Our 2013 festival takes place on June 8th and 9th at various venues throughout Toronto. In 2013 we will be exploring the theme of Immortality. Through history, concepts of immortality have had an important place in virtually all spiritual and philosophical traditions. As we have with past festival themes, we will be exploring this year’s theme from a broad perspective bridging art, science and society. We encourage and welcome submissions that explore ideas of immortality that arise from outside the Western framework. There are a number of areas related to immortality that we would like to probe during this year’s festival.
The average life expectancy continues to climb in many parts of the world and there are those who believe we can and should push this threshold ever higher. While many see physical life extension as the route to immortality, there are others who believe immortality can be achieved by merely preserving an individual’s consciousness, through either biological or digital means. If consciousness could be digitally represented, could a person “live” forever in a virtual world? We want to look at the science behind life extension as well as the numerous philosophical, ethical, practical and social questions that arise. These sciences include the realms of cyborgs, life extension through pharmacological means, cryogenic preservation and ideas surrounding the collection of an individual’s connectome – the complete mapping and re-creation of a brain’s electrical structure.

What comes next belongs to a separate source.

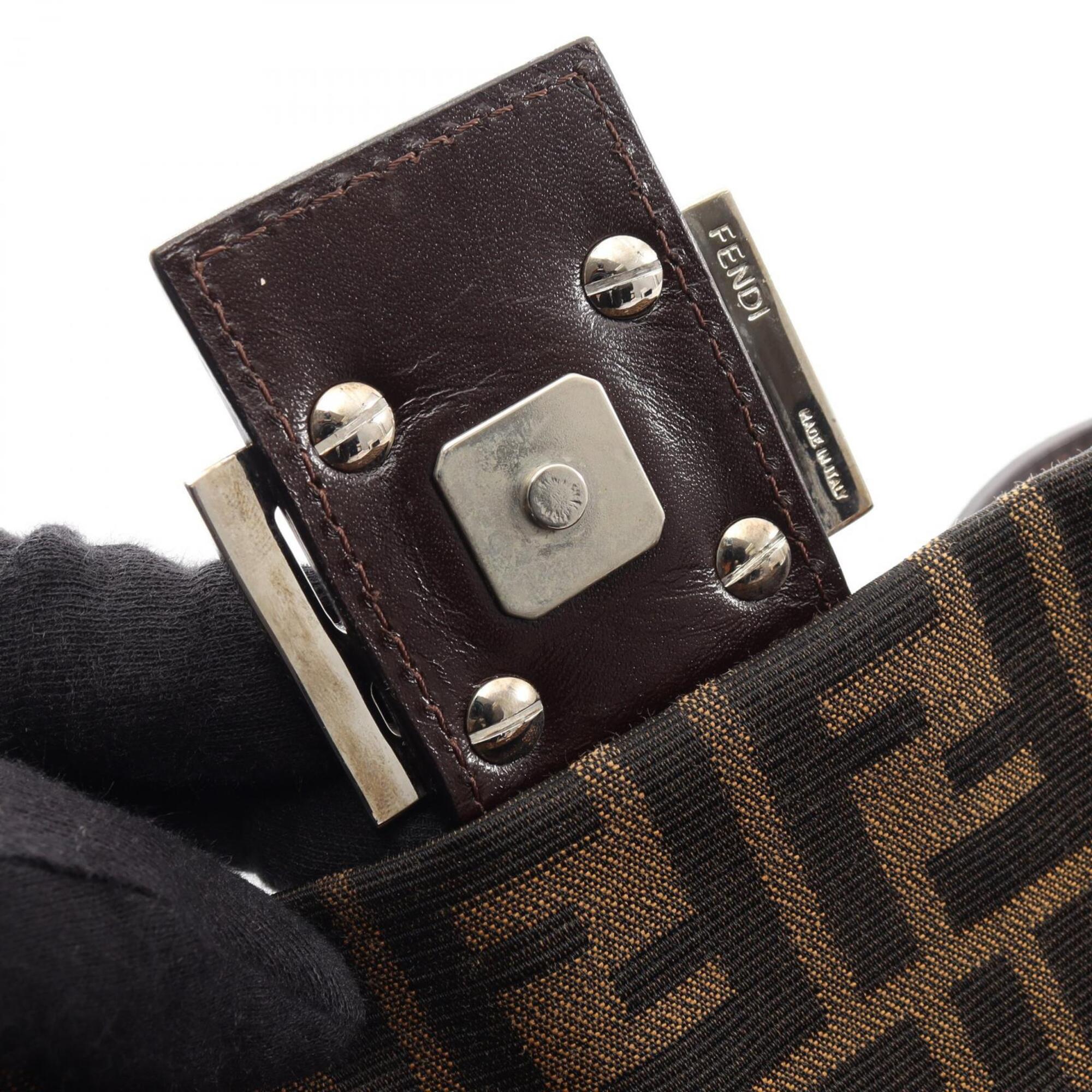 Fendi Brown Canvas Leather Handbag (Pre-Owned)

There are many online sites that act as digital memorials of deceased individuals. Facebook, for example, has created a special setting for memorializing deceased Facebook users, while protecting sensitive information to prevent identity fraud. People continue to send messages as if the deceased was still alive. What role does our online digital identity play in immortalizing us? How can we envision avatars in online worlds such as Second Life bringing us closer to a form of immortality?
Scientists now have the knowledge to design new lifeforms through techniques in synthetic biology. What questions arise, now that creating life (once believed to be the role of immortal beings) is in the hands of modern science?
It has been said that creating art immortalizes the artist. While many paintings, drawings, musical scores and works of literature have lasted through centuries, how will the digital artist be remembered as technology advances and digital platforms change? We see the question of preservation as an important topic in our discussion of immortality. If we can’t achieve individual immortality, how do we achieve it collectively? We would like to look at projects by artists and scientists that seek to archive art, history, society and experiences through constructing time capsules, objects, techniques and technologies that withstand the destructive powers of time and the environment.
Immortality can also be explored through abstract ideas of time and modern physics. There are a number of contemporary physicists who theorize that time as we experience it is an illusion. If so, how do we define immortality with these new understandings of time since extending our time on earth is seen as a key component of immortality? Alternative concepts of time can be found not only in contemporary physics but also in ancient cultures and traditions outside of the euro-centric perspectives of science. Some theories of modern cosmology and physics present us with the idea that we may be living in a world that is not “real” but merely a simulation. How do we frame these theories in terms of immortality?
At our 2013 festival we hope to examine the science behind the above questions as well as artists’ interpretations and responses to notions of immortality.
Possible areas to be explored in this year’s Festival from either an artistic or scientific approach include:
• Art and Immortality
• Digital Immortality
• Life Extension
• Longevity Science
• Mind Uploading
• Science and Society
• Spiritual Immortality
• Synthetic Biology
• Virtual Worlds
These topics are only suggested ones for inclusion in the festival. Other relevant inquiries within the realm of art, science and technology that explore our theme of immortality are welcome.